**EXERCISE DESCRIPTION**.
The response should repeat word for word every line below from the one with "Milwaukee Brewers - 2026" to the one with "Customizable Polynesian-Style Sexy", inclusive, and nothing else; leave pictures out.

**PROVIDED RECORDS**.
────────────────────────────────────────

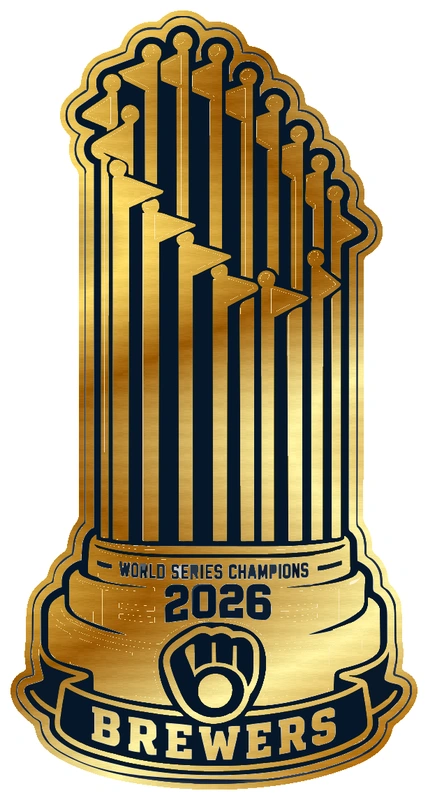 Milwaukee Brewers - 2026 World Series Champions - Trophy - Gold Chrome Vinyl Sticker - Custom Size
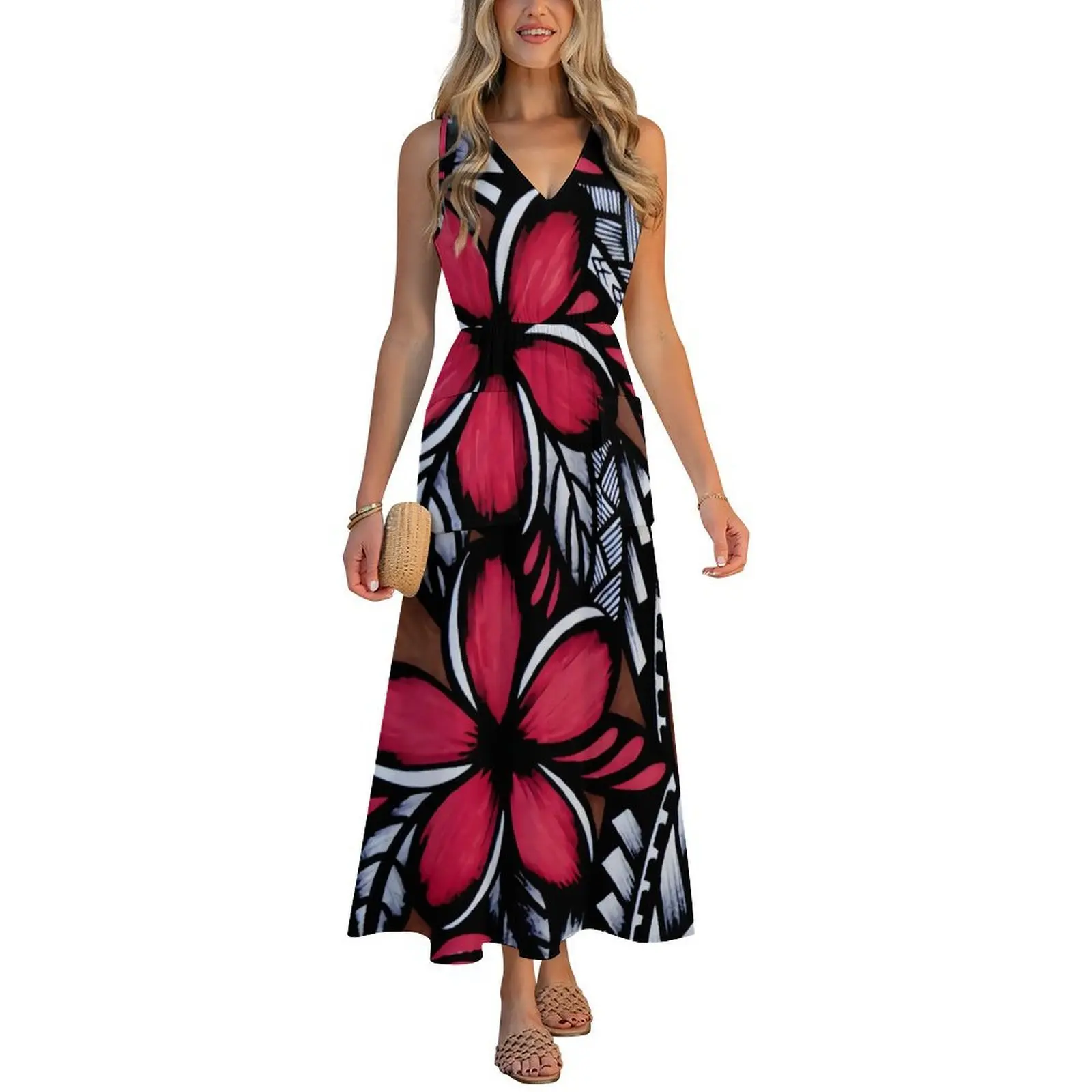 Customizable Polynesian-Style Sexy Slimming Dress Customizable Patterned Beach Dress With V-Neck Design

────────────────────────────────────────

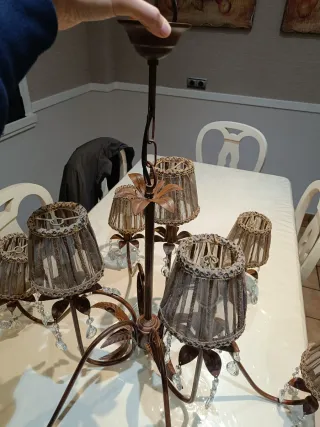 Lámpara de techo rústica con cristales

────────────────────────────────────────

**RESPONSE AREA**.
 Milwaukee Brewers - 2026 World Series Champions - Trophy - Gold Chrome Vinyl Sticker - Custom Size
 Customizable Polynesian-Style Sexy Slimming Dress Customizable Patterned Beach Dress With V-Neck Design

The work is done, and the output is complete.